While grieving the sudden death of their father, step-siblings Andy (Billy Barratt) and Piper (Sora Wang) are placed in the care of eccentrically cheery foster mother Laura (Sally Hawkins). However, VHS snuff films, occult imagery, and a mute child in Laura's care (Jonah Wren Phillips) lead to darker truths and a manipulative captivity for our young protagonists.
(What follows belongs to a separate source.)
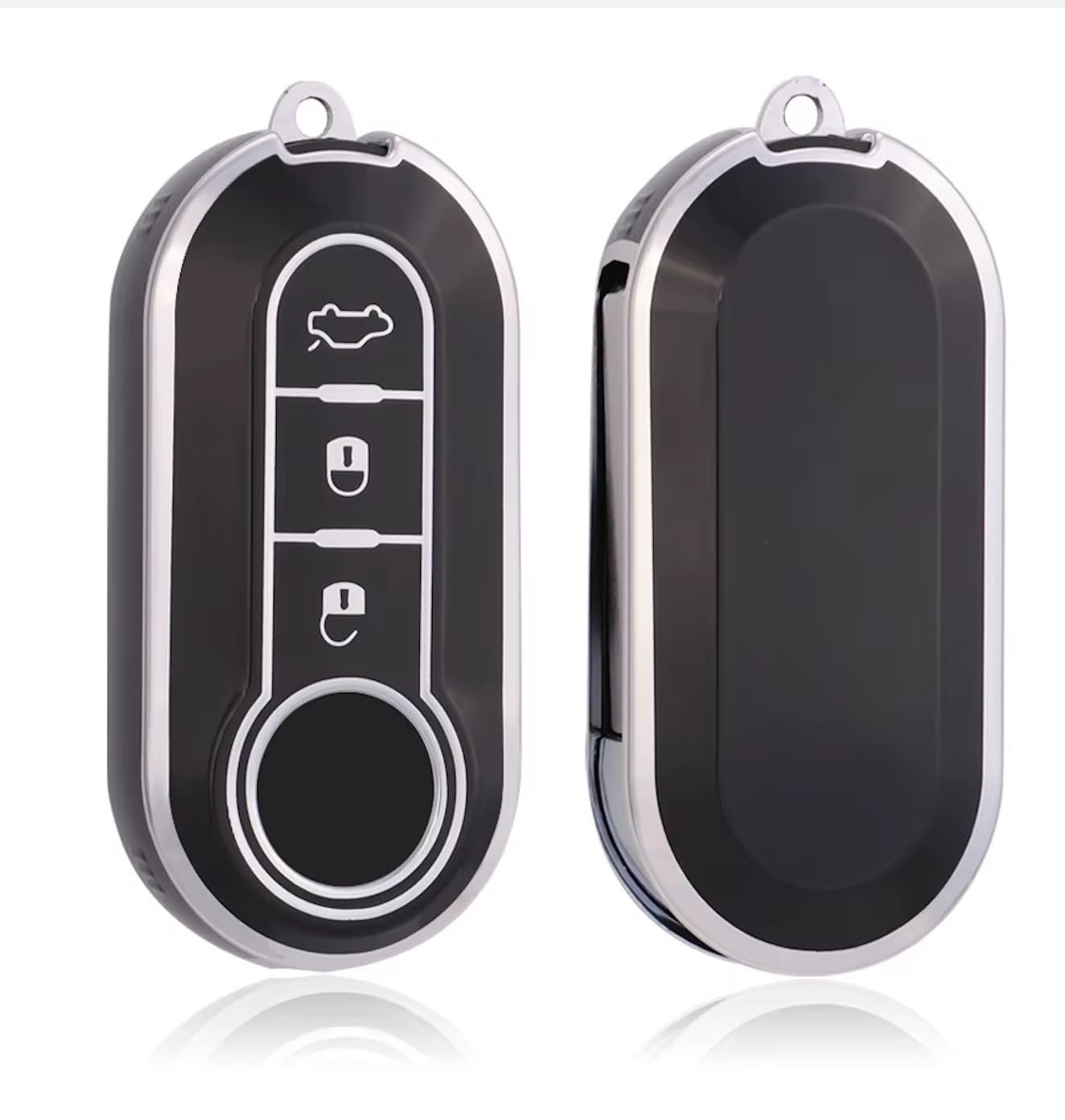 Capa Luxury Silicone para Chave Fiat: Proteção Premium Strada, Mobi, Palio e Mais!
The Philippou Brothers deliver another knockout horror with family trauma (and double the gore). After raising eyebrows with their YouTube horror shorts, Danny and Michael Philippou etched their mark in modern horror with their knockout 2023 debut Talk to Me. With their sophomore effort, Bring Her Back, the Australian brothers trade the dark wit and playfulness of their first feature for a more atmospheric, slow-burning sense of dread. Cut from the same cloth as occult family horrors like Hereditary and Sinister, Bring Her Back balances its foster family plot with blurry found footage mythology that gives way to a larger conspiracy. But even with these familiar genre elements and predictable grief tropes, Bring Her Back attacks you like a sudden blow to your head that keeps ringing for the remainder of its blood-soaked premise.
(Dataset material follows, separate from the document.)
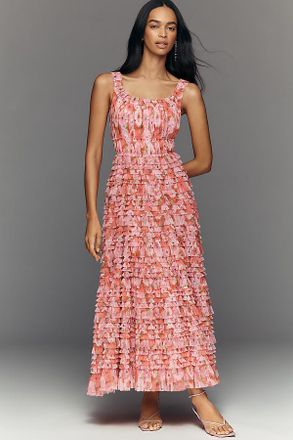 Mac Duggal Sleeveless Textured A-Line Midi Dress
Sally Hawkins is at her toe-curling best as the vilest mother in modern horror. As a dysfunctional family drama, Bring Her Back works on many levels, thanks to Sally Hawkins as Laura, a toe-curling personification of sheer evil. The Shape of Water and Paddington star sheds her usual feel-good charm in favour of something viler and anxiety-inducing. The young newcomers are also terrific, with Billy Barratt convincingly carrying some relatable elder sibling pressure along with the muted anger of being constantly gaslit by Laura at the drop of a hat. As his younger, visually impaired sister, Piper, Wang is also well-cast, with the premise thankfully not exploiting her disability for blatant shock value. But a true revelation in this ensemble is 12-year-old Jonah Wren Phillips as Oliver, another of Laura's adoptees who hardly speaks a word, but conveys deep-buried trauma and pent-up rage in his cold stares. But while Oliver's silent sorrow makes for Bring Her Back's most hard-hitting moments, the physical brutalities subjected to this pre-teen character are what drive us to the film's slightly-iffy moments.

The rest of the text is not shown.